Am I finding it hard with the images of her doing what she did? Of course I am, it's like a torture, but I can't keep holding on to these and it's like my own personal challenge to get over this and look at the bigger picture. Do I think she will cheat again? Who knows, I can not predict the future neither can I control it. She's struggling herself with what she has done and is trying her best to comfort me by communicating how we both feel without arguing. She knows that if she ever done that again I will be gone, no more chances if she ever pulls anything like this again.


----------



## 2ntnuf

Jay,

Do you believe that pretty much anyone you would have been married to would have cheated, if all other circumstances were the same? 

She could have been decent with you and still went out and slept with other men. It is best not to show that you don't want your husband or wife, if you don't want to get caught. I don't fully buy that she was good to you up until the divorce. Maybe I've forgotten that it was a ONS? Don't remember.


----------



## Jay83

ONS? Sorry I'm still catching up with the abbreviations on here, lol. Oh was it a one night stand? No. The main affair that led to us separating was on and off for 8 months. The others she was seeing when we split up, each one lasted a few weeks each. The first one she ended when he wanted an actual relationship and she didn't want that so broke it off with him and that's when he started to threaten to tell me... well he was doing that each time throughout the affair. It sucks it honestly does, I never thought that she would do this to us. 
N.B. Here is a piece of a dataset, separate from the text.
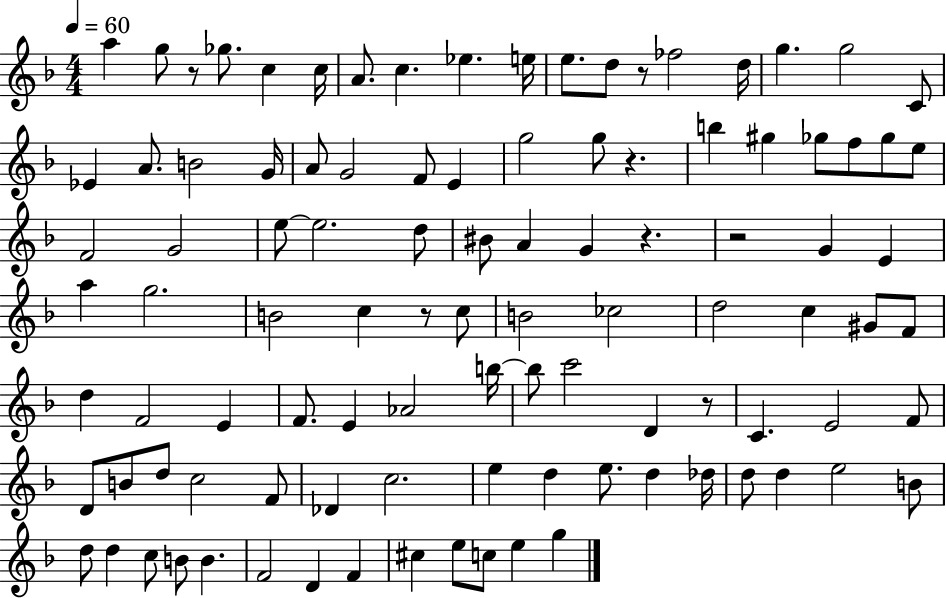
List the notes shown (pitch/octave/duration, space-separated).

A5/q G5/e R/e Gb5/e. C5/q C5/s A4/e. C5/q. Eb5/q. E5/s E5/e. D5/e R/e FES5/h D5/s G5/q. G5/h C4/e Eb4/q A4/e. B4/h G4/s A4/e G4/h F4/e E4/q G5/h G5/e R/q. B5/q G#5/q Gb5/e F5/e Gb5/e E5/e F4/h G4/h E5/e E5/h. D5/e BIS4/e A4/q G4/q R/q. R/h G4/q E4/q A5/q G5/h. B4/h C5/q R/e C5/e B4/h CES5/h D5/h C5/q G#4/e F4/e D5/q F4/h E4/q F4/e. E4/q Ab4/h B5/s B5/e C6/h D4/q R/e C4/q. E4/h F4/e D4/e B4/e D5/e C5/h F4/e Db4/q C5/h. E5/q D5/q E5/e. D5/q Db5/s D5/e D5/q E5/h B4/e D5/e D5/q C5/e B4/e B4/q. F4/h D4/q F4/q C#5/q E5/e C5/e E5/q G5/q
No I don't believe that who ever I was married too would have cheated, I know there are a lot that wouldn't. What bugs me is that all of this seems far to common now. Since this has all come out the amount of men and women that I know that have opened up to me and said they or there other half have had affairs. It's all too easy now I guess. I still have thoughts of "what am I doing here" after everything she has done but then the way she's trying her best to make things right count for a lot in my book. What bothers me are all of the guys are so below her, they are all basically ugly (I know I am meant to say that but they are). It makes me think how desperate for attention she must have been, especially whilst we were separated the guys then really were little hood rats. It's hard for me to understand why she was doing this apart from she felt lonely and **** after what she had done and wanted to feel needed and desired.


----------



## phillybeffandswiss

2ntnuf said:


> Societal rules state that it is his fault. Social rules state that he is less than a man if he can't reproduce. Life is all about social rules and how we comply with them. Those rules change as time passes, but they are considered more valid than the old rules. It's societal rules that have folks trying to do what is necessary to get married, buy a house, three cars, have two and a half children, a dog, etc.
> 
> Societal rules change and laws addressing them follow.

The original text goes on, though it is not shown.